Plaintiffs raise four arguments in their amended motion for continuance: (1) the Court should rule on the motion for class certification first because the case will be remanded if the motion for class certification is denied; (2) Republic has filed the same motion for summary judgment that was previously denied; (3) there has been no new discovery or case development since the prior motion for summary judgment was denied other than mediation and the filing of the motion for class certification and responses; and (4) Plaintiffs need discovery from Republic to provide a full and complete response to the amended motion for summary judgment. See Dkt. No. 109.
Republic filed a response to the original motion for continuance, see Dkt. No. 105, which it incorporated by reference in its response to the amended motion for continuance, see Dkt. No. 113. Plaintiffs did not file a reply. The amended motion for continuance revised only one paragraph. See Dkt. No. 109 at 1 n.1.
A. Denial of class certification would not divest the Court of jurisdiction.
Plaintiffs suggest that the case will be remanded to state court if the motion for class certification is denied because the individual Plaintiffs' damages will not meet the amount-in-controversy requirement and the federal court will no longer have subject-matter jurisdiction.

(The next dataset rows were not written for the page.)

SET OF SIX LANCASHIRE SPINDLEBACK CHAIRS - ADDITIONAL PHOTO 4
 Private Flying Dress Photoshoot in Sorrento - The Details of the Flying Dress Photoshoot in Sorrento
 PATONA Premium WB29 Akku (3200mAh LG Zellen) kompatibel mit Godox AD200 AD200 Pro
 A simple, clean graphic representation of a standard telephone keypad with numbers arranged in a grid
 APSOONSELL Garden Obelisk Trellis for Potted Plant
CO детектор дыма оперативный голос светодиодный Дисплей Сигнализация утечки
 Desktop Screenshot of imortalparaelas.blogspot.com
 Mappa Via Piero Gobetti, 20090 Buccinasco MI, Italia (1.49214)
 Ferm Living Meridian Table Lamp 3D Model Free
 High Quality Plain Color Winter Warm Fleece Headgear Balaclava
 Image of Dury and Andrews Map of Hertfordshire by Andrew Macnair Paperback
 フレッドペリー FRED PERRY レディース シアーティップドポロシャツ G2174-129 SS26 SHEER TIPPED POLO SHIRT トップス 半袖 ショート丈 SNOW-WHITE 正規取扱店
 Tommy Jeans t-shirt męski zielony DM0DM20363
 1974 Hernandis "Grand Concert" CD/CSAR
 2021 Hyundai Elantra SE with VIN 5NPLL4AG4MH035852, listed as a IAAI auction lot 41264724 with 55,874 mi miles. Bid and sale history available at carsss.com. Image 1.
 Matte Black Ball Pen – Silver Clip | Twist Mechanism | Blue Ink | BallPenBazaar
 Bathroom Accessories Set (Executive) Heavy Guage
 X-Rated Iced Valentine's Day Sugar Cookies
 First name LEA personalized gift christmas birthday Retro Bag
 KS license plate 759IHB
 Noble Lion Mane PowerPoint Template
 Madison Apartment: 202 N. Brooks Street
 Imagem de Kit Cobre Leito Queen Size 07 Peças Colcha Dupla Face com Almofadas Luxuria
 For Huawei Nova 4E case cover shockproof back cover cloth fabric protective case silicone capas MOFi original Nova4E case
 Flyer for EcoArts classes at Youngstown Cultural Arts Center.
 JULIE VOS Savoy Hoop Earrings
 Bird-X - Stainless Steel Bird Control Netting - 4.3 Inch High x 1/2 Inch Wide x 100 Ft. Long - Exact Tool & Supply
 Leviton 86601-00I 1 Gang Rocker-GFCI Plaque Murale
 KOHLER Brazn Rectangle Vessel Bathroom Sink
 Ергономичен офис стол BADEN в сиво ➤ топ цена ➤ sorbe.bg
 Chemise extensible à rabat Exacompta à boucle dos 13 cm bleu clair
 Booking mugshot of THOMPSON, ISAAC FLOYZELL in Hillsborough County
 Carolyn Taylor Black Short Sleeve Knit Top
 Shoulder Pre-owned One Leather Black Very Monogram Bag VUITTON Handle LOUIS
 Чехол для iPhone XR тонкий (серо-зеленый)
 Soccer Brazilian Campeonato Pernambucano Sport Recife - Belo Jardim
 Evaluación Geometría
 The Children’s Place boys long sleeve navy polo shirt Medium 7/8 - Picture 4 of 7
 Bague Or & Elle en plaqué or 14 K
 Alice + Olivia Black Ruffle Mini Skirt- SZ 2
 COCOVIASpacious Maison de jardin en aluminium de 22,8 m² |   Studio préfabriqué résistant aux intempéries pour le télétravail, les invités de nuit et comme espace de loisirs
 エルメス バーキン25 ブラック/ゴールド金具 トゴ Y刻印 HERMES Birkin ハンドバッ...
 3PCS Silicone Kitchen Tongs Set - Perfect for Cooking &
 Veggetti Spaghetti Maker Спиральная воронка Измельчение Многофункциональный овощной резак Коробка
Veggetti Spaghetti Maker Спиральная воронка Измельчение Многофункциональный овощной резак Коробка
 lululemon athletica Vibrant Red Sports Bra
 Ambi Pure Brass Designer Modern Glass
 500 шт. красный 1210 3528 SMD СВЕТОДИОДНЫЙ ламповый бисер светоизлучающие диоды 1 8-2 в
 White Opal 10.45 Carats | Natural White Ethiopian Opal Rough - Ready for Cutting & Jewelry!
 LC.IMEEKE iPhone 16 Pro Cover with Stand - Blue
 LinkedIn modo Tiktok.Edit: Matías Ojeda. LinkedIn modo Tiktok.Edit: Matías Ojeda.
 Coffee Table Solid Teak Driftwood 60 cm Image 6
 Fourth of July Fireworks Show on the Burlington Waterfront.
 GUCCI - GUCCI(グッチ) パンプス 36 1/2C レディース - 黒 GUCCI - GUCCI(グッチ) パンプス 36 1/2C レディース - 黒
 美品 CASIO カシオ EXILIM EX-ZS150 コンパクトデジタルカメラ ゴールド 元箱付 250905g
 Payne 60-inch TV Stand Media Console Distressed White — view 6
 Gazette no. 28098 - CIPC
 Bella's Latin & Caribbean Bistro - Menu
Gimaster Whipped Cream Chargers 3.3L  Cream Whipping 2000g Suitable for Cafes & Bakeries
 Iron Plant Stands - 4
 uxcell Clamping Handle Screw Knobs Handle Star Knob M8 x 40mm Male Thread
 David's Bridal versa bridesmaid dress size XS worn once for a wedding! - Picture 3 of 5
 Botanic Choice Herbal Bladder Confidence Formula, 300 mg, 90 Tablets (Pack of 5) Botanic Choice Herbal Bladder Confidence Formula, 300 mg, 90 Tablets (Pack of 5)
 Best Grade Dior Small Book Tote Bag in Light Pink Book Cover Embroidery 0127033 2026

Republic removed the case based on diversity jurisdiction. See Dkt. No. 1 at 2-3. At the time of removal, Plaintiffs'First Amended Petition and Class Action pleaded that "Plaintiffs seek monetary relief over $100,00.00 but not more than $200,00.00 at present. However, as discovery progresses, the claim could be over $200,000.00." Dkt. No. 1-6 at 7. Republic asserted in its Notice of Removal that, based on this damages allegation, "[t]herefore, the amount in controversy is in excess of the $75,000.00 required for this Court's jurisdiction." Dkt. No. 1 at 2; see also id. ("In their Amended Petition in Paragraph 29, Plaintiffs plead that they 'seek monetary relief over $100,000.00 but not more than $200,000.00 at the present. However, as discovery progresses, the claim could be over $200,000.00.'").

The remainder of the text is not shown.